Where there's a Willesden there's a way

Saturday, November 15, 2003

Looking for Lila

Went for a lovely walk, I must say, and you'll all be relieved to know I came back, despite falling at various points into a bomb crater and nearly into the Grand Union Canal.

Great navigators of the past devoted years and even their lives to discovering the Great North Passage, the mythical corridor which allowed boats to travel from the West Coast of the Americas to Europe without the treacherous journey around the Southern tip. My quest to find the West Passage was a little less ambitious; looking for a way to reach the canal without a hair-raising 45 minutes of scrambling up motorway embankments and disused airfields.

So, armed with my atlas, some food and water and a torch (only two hours to nightfall), I set off through the back streets, and was crossing the canal within half an hour. I carried on past the canal to find it's amazing what's less than a mile from my house; an old mill (now very attractive flats), a large exclusive golf course (there's even a road tunnel to make sure they don't have to interact with us commoners). Tired of flying golf balls and the lack of a footway, I jumped off the road into Lee's Wood, straight into one of the old WW2 bomb craters I remember falling into as a kid. I spent at least 45 minutes crossing the wood, avoiding trails and rabbits and watching the leaves fall. Finally I came out further down the canal, and walked to Rickmansworth, where it was just getting dark.

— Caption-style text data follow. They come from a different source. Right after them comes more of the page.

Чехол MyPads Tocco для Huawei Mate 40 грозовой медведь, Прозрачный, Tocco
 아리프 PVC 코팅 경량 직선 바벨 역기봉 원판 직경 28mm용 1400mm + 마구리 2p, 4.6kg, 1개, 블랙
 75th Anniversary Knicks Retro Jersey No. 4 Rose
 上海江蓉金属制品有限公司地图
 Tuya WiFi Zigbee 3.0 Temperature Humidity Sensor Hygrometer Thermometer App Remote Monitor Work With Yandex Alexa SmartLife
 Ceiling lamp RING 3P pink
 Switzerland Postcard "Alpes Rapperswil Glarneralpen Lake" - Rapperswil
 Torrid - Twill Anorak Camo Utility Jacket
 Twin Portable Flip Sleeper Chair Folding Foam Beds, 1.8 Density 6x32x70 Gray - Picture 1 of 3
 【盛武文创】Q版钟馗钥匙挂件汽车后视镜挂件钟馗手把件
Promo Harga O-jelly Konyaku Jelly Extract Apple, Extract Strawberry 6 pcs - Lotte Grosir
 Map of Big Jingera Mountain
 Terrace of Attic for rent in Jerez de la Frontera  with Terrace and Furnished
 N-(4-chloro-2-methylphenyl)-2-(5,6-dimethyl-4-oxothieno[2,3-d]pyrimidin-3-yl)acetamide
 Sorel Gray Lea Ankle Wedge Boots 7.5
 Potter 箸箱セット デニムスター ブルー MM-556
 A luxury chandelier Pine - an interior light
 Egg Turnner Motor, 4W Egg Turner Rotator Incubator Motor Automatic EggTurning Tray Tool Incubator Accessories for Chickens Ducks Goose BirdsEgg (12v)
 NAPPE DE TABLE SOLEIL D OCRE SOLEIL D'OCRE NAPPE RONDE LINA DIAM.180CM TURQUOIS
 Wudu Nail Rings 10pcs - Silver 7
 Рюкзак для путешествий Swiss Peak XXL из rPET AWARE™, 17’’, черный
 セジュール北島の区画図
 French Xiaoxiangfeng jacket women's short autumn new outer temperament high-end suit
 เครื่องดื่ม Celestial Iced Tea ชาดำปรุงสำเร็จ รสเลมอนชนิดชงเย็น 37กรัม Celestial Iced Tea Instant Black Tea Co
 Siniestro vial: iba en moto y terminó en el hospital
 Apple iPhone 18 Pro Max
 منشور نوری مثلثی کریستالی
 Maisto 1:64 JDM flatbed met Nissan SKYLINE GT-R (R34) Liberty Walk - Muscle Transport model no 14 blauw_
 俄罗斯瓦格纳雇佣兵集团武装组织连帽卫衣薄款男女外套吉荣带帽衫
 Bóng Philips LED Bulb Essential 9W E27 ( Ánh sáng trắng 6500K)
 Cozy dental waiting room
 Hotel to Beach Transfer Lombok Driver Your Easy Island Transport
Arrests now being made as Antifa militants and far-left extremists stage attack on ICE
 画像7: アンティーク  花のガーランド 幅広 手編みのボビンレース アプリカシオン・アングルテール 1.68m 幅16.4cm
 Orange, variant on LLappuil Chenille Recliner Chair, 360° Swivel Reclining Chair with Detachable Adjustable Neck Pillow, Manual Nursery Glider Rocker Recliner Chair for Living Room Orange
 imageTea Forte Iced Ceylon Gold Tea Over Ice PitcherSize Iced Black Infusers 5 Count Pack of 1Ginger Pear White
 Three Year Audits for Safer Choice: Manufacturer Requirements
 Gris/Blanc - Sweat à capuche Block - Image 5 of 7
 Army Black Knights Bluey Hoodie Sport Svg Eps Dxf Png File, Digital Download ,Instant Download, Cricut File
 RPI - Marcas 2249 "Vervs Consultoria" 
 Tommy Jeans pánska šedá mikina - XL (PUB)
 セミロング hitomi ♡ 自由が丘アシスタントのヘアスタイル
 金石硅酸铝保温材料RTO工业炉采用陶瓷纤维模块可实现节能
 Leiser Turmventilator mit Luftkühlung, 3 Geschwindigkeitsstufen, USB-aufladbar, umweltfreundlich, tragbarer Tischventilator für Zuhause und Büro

As previously written, I've got this thing about that particular stretch of canal. It's really peaceful, and even more beautiful in Autumn than Summer. Life out there just has a different pace, and you feel closer to nature and far away from the intrusive 21st century. Although it was dark, something persuaded me to cross some fields to get to the other bank of the canal where the houseboats are, and I've decided that's where I want to live. There's a farm with a car park and some buildings, and then just a dirt track bounded by fences on one side and a big old field on the other. Through the fences I could see the houseboats and the plots of land that come with them. People build all sorts of structures along there- I imagine I could build a kitchen and bathroom on one side, a little terrace with a hanging seat and maybe a vegetable plot in the middle. I'll call it Lila, after Robert Piersig's boat.

Well, it's something to aim for. It'll take as long to get one of those as it'll take for me to be able to afford one. All in, I walked at least 6 miles, and I'm sleepy.

Maybe it's time to get working on that screenplay again.